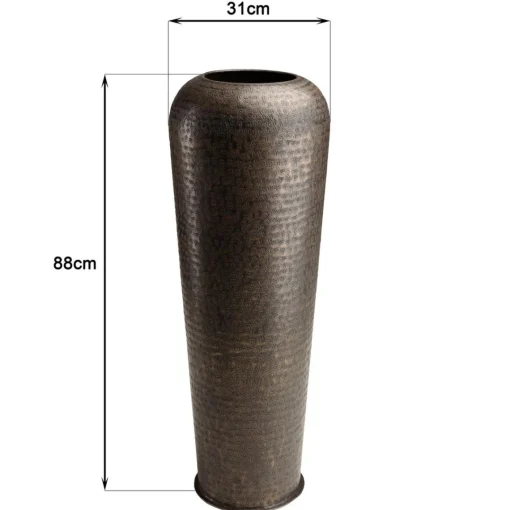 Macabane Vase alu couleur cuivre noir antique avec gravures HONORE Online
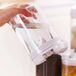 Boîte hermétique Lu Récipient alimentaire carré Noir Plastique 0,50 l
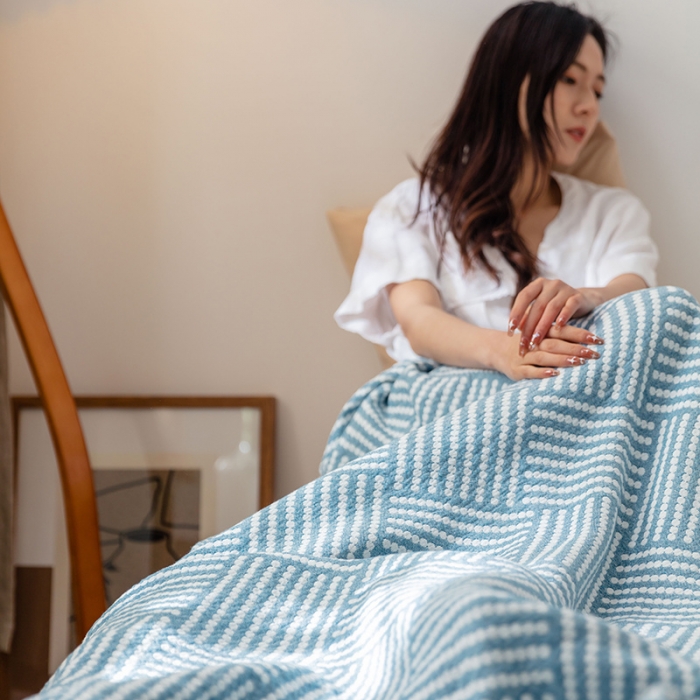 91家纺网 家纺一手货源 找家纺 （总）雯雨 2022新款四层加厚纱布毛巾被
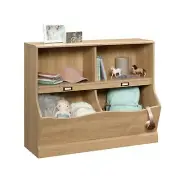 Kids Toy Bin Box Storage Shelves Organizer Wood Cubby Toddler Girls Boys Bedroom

* * *

> _The task_
Take the whole listing above and copy it exactly. Pictures do not go into the copy.

> _Task answer_
 Macabane Vase alu couleur cuivre noir antique avec gravures HONORE Online
 Boîte hermétique Lu Récipient alimentaire carré Noir Plastique 0,50 l
 91家纺网 家纺一手货源 找家纺 （总）雯雨 2022新款四层加厚纱布毛巾被
 Kids Toy Bin Box Storage Shelves Organizer Wood Cubby Toddler Girls Boys Bedroom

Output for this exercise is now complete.